結婚や出産など、いろいろなライフイベントを重ねていくうえでも心強いのが大手の強みです。
〇収益が安定している
全国展開している薬局は多くの店舗でリスクを分担しています。
そのため、業績の良し悪しによって収益が大きく変わるといったことはあまりありません。
2-2.大手薬局のデメリット
1.転勤がある、転勤が多い
2.調剤以外の仕事が多い
〇転勤がある・多い
各地に展開している薬局であれば、転勤を命じられる場合もあります。
特に家族がいる人や、これから結婚を考えている人にとってはデメリットとなりえるかもしれません。
〇調剤以外の仕事が多い
小・中規模の薬局であれば調剤業務だけをしていれば済むところが、大手調剤薬局になるとそれ以外の事務仕事が発生します。
調剤以外の仕事が多く、残業なしには仕事が終わらない状況もあるようです。
2-3.中・小薬局のメリット
1.地域に密着した薬剤師本来の仕事ができる
2.経営者と近い距離で仕事ができる
〇地域に密着した薬剤師本来の仕事ができる
規模の小さい薬局は患者さんとの距離が近いのが特徴。
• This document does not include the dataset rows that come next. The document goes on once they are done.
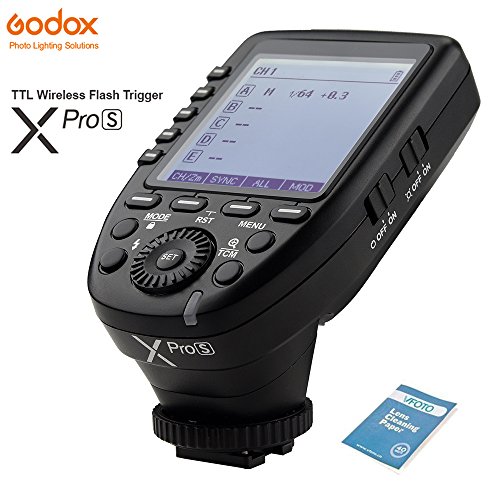 Godox XPro-S 2.4G TTL Wirless Xシステムフラッシュトリガー ビッグLCDスクリーントランスミッタ ソニー製カメラ用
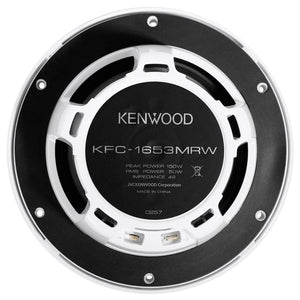 Kenwood KFC-1653MRW Haut-Parleurs Coaxiaux à 2 Voies Marine / MotorSport avec Woofers Résistants à l'eau, Blanc - Simple Boutique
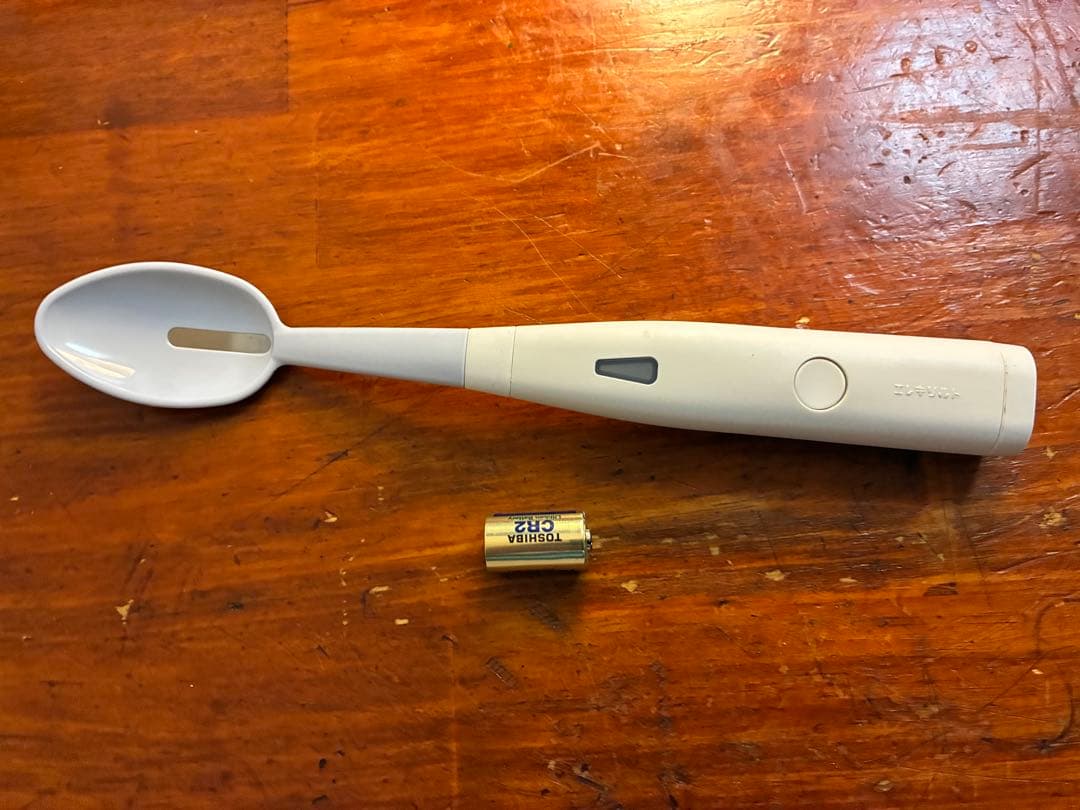 高血圧の方必見．塩分調整．エレキソルト スプーン ES-5001 電気の力で塩味増強 「エレキソルトスプーン」発売 キリンの新事業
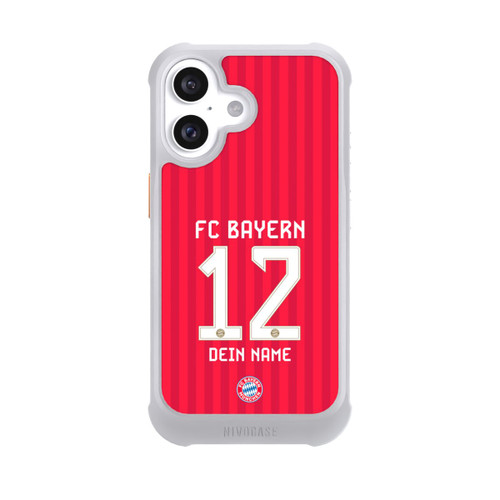 Apple iPhone 16 NIVOmax FC Bayern München Trikot Personalisierbar 26-27
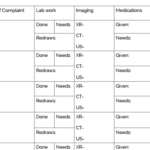 Charge Nurse Report Sheet Template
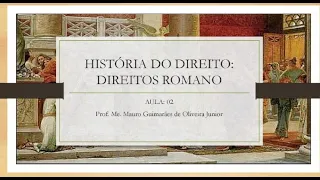 DIREITO ROMANO: FAMÍLIA NA ROMA ANTIGA
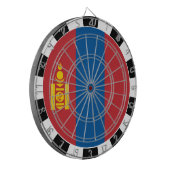 Mongolië Dartboard, spelbord, Mongoolse vlag Dartbord (Voorkant Links)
患者さんから頼られることも多く、信頼関係も築きやすいです。
また、大手に比べると個人に与えられる裁量が多く、やりがいをもって働くことができます。
〇経営者と近い距離で仕事ができる
社長や店長と近い距離で仕事ができるため、意思疎通がスムーズです。
大手特有の「本社は何を考えているの?現場と意思疎通が図れていない…」といったことも発生しづらいでしょう。
2-4.中・小薬局のデメリット
1.個人責任が大きい
2.人間関係に悩むケースが多い
〇個人の責任が大きい
裁量が大きいということは「個人にのしかかる責任が大きい」ということです。
大手に比べると、自ら率先して動き、判断しなければならない場面も多いでしょう。
〇人間関係に悩むケースが多い
比較的小さい薬局の場合、少ない人数のスタッフと密に関わっていかなければなりません。
たとえ性格が合わない相手であっても、狭い空間の中で業務を行わなければならないのです。
限られた中での人間関係に耐えられない結果、転職を選択する人は多くいます。
【結論】大手にも中小にもブラック薬局は存在する
一般企業の場合、大手であるほど給与水準は高く、労働条件の整備も進んでいるのが一般的です。
しかし、調剤薬局の場合は逆の傾向が強いといわれています。
なぜなら、中小規模の薬局は簡単に退職者の代わりを用意できないため、調剤経験のある良い人材には長く勤めてほしいと思っているからです。
勤務者を長くとどめさせるためにも、給与や待遇面を良い条件にし、囲い込んでいるともいえるでしょう。
一概に大手だからここが悪い、中小だからここが悪いとも言い切れないため、自分で見極めていくことが大切です。
3.ブラック薬局にいるなら迷わず転職

「転職する勇気もないし、がんばるしかないのかな…」と、ストレスの多い職場で迷いを抱えたまま働いている方もいるかもしれません。
しかし、実は薬剤師の7~8割が1度は転職を経験しています。
薬剤師に限らず、昔と違って1社で定年まで勤めあげるという人はほとんどいません。
また、一般的には転職回数が増えるにつれて転職しづらくなるといわれていますが、医療業界の中でも薬剤師に限っては特別。
多くの職場が人材不足に悩まされているので、転職活動において離職経験がマイナスとなることはほとんどないのです。
もし、今の勤め先で心身を崩して無理に働いているようなら、すぐにでも転職することをおすすめします。